On a Tuesday night in late May, I was horrified to discover that my wedding ring was gone.

I looked that night, even though it was almost midnight when I noticed it was gone. I looked for several days around the house. I even used a freaking metal detector to poke around in the yard.

It was gone. And I was crushed.

On a Monday night in late September, I was thrilled to open a small package that Mrs. Crappy gave me for our anniversary and find a new ring to occupy my left hand and ease the fretting I had done since May over the original.

As we did with the first one, we sort of picked this one out together. I didn’t know she had started poking around on Etsy until she sent me a few links to rings and jewelers several weeks ago — and I was immediately drawn to this one, a beautiful double-banded titanium ring made by titaniumknights in Utah.
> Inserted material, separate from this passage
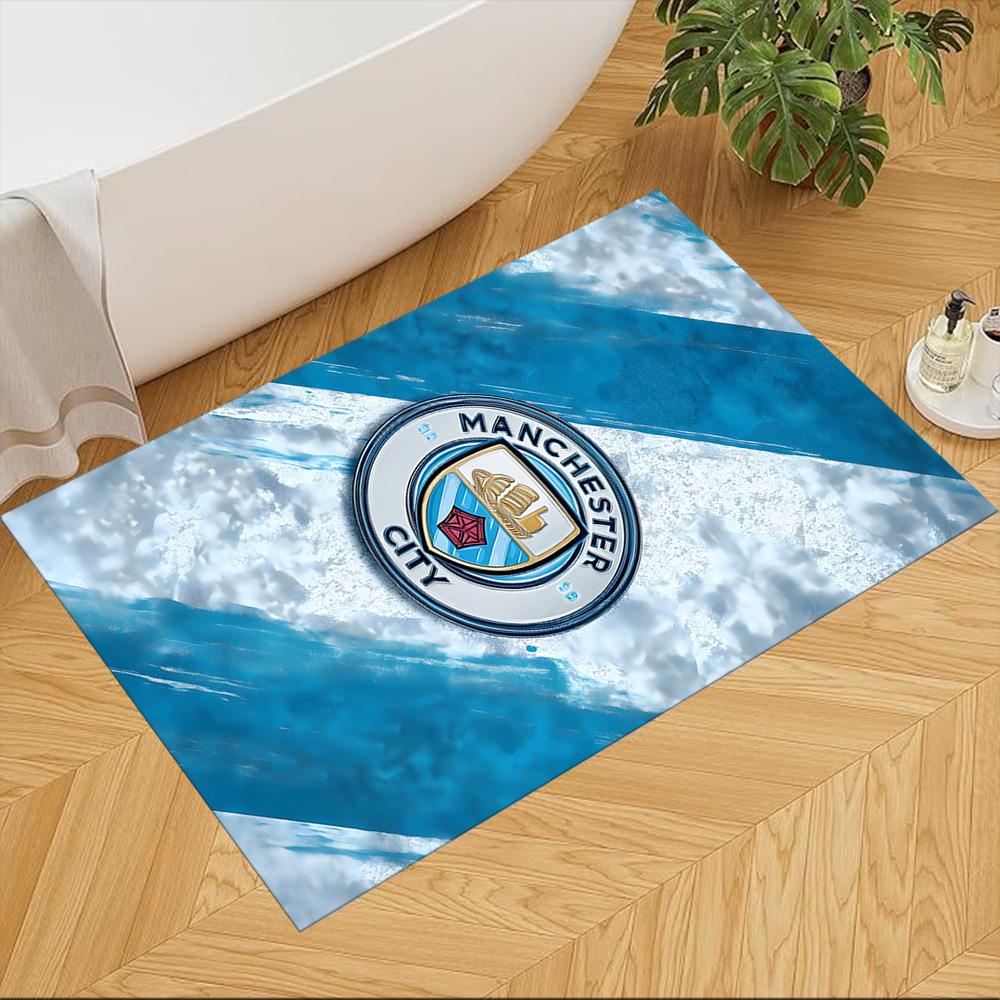 Manchester City Football Club Decorative Area Rug Soft Plush Non-slip Bottom Kitchen & Bathroom Use Fashionable Home Decor Perfect Gift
I offered to buy it, but Mrs. Crappy said no, she would take care of it.

And there it was, after we finished the anniversary dinner I made for us on Monday night.

As I wrote back in May, I was concerned that a replacement ring — one that wasn’t the one that Mrs. Crappy put on my finger on Sept. 25, 1999 — would somehow be diminished, that it wouldn’t adequately represent either that day or the life we’ve had together since. But in the few days I’ve had to get used to having a real ring back on my finger, I’m thinking that’s not the case at all.
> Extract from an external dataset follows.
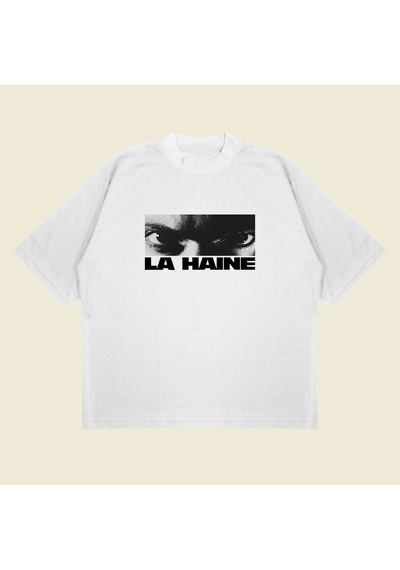 Startmore La Haine Baskılı Oversize Unisex Pamuklu Nefes Alan Kalın Kumaşlı Beyaz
There are things we’d both change about our wedding; I know I have a much better sense of who I am now — we both do — and one small representation of that is this ring.  It feels a lot more like me than the plain band I wore for eleven and a half years. More importantly — it’s still about us and what we share.
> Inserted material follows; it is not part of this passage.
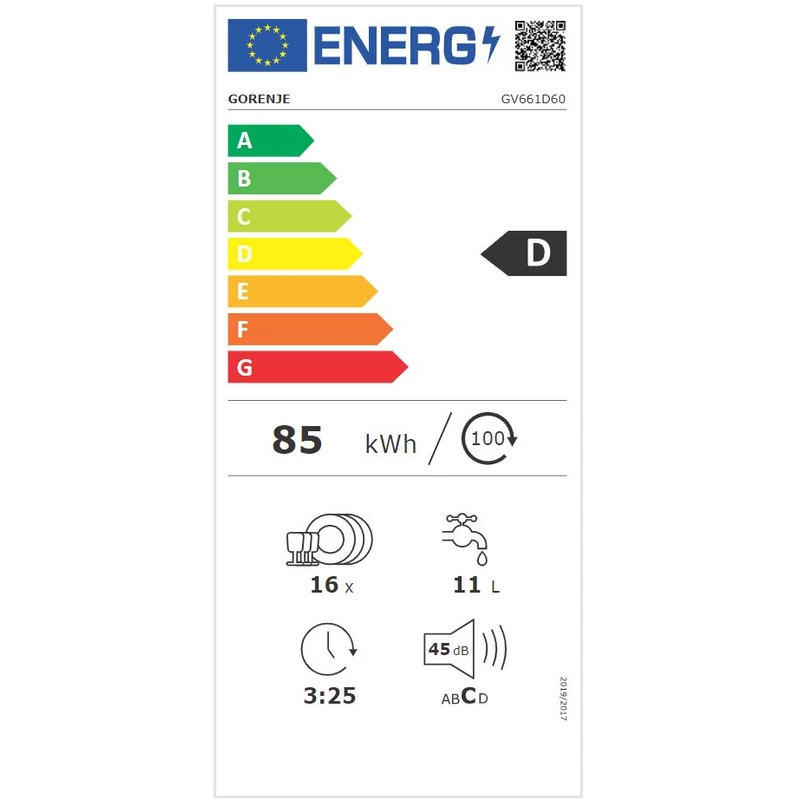 GORENJE GV661D60 Beépíthető Mosogatógép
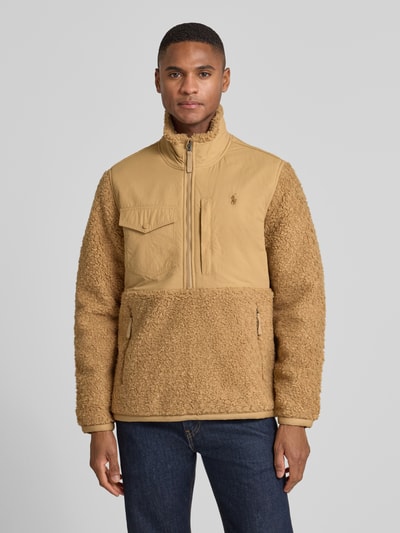 Polo Ralph Lauren Regular Fit Troyer in Teddyfell-Optik Camel 4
And that means my new ring is exactly what it should be.



To most, the term goofball probably isn’t a term of endearment.

To me, it’s one of the highest complements I can pay.

Life is serious, yes. Being an adult requires time and attention and work. It’s not easy, and sometimes it’s not much fun.

But I’m lucky to know a bunch of people who understand that we also need to have fun. That we need to laugh and enjoy each other, even when things might not be the greatest.

For me, people who understand this — the ones who see the absurdities in themselves and in everything around them, and are able to laugh about it — are people to be cherished. When you meet one of those — one of my goofballs — you hold on to them, because they’re going to make your life a better place to be. I have dozens of friends who fit this description, and I’m thankful for each and every one of you.

But there’s one goof whose spirit aligned so closely with mine that I knew — not long after we met, in fact — that I had to marry her.

And I did, 12 years ago today.

Happy anniversary to Mrs. Crappy, my favorite goofball. After all this time, she still makes my life better each and every day.


See that dent on the ring finger of my left hand?

That’s where my wedding ring is supposed to be.

As we were getting in bed Tuesday night, I had a start — the ring was gone, and I had no idea when I had seen it last.

I looked some that night, even though it was close to midnight and I really needed some sleep. I looked more on Wednesday — around my desk at work, in my car, and again in the house — and found nothing.

Mrs. Crappy is even bringing home a borrowed metal detector — one of those ones the weathered old guys in aloha shirts use on beach — and I’m going to comb the yard over the weekend. I cut the grass on Tuesday evening, and I supposed it could have fallen off out there someplace.

I feel lost without it. I moved my engagement ring — the one Mrs. Crappy bought for me in Athens the day after I proposed on College Green — but that’s not the same.

I’m not sure I’m going to find it anywhere. I could always replace it, but this is one of the few Things I own that isn’t really replaceable. I can have another ring on that finger, but it won’t be the one that Mrs. Crappy put there on Sept. 25, 1999.